--- Dataset records ---

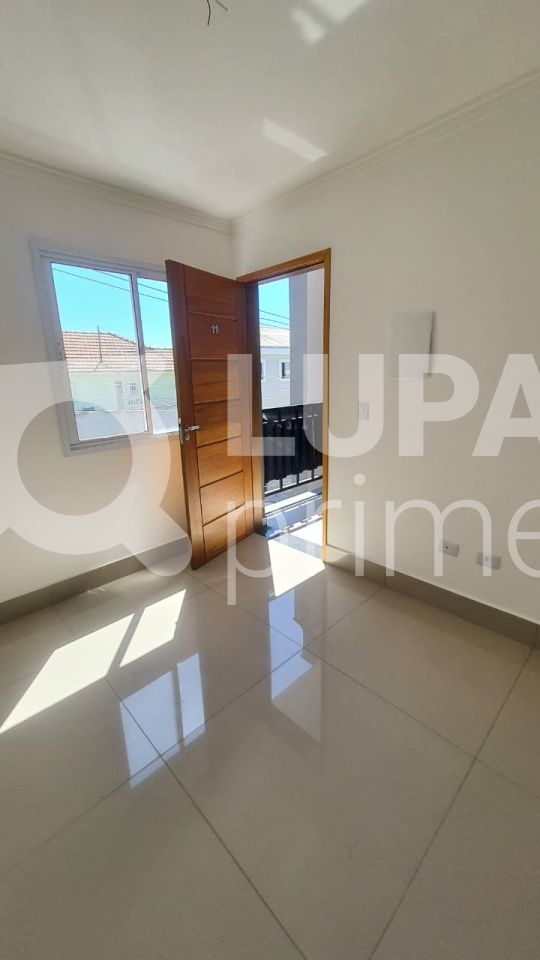 apartamento-venda-sao-paulo-parada-inglesa-1dormitorio-30m2-LS42080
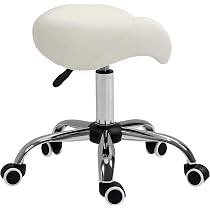 Lampada con lente di ingrandimento LED RS PRO Lampada da tavolo, 125 mm, 11 W, 125 mm | RS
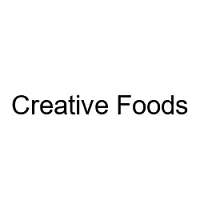 Creative Foods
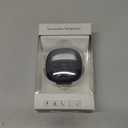 True wireless headphones, Sports headphones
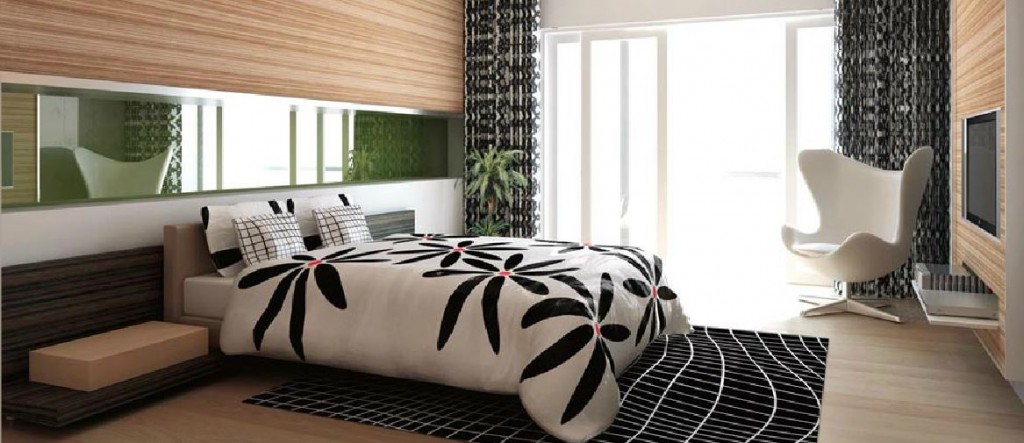 9 madge interior 5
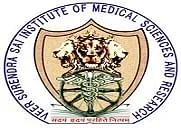 Veer Surendra Sai Institute of Medical Sciences and Research - (VIMSAR)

---

Give back every record exactly. Omit the pictures.

 apartamento-venda-sao-paulo-parada-inglesa-1dormitorio-30m2-LS42080
 Lampada con lente di ingrandimento LED RS PRO Lampada da tavolo, 125 mm, 11 W, 125 mm | RS
 Creative Foods
 True wireless headphones, Sports headphones
 9 madge interior 5
 Veer Surendra Sai Institute of Medical Sciences and Research - (VIMSAR)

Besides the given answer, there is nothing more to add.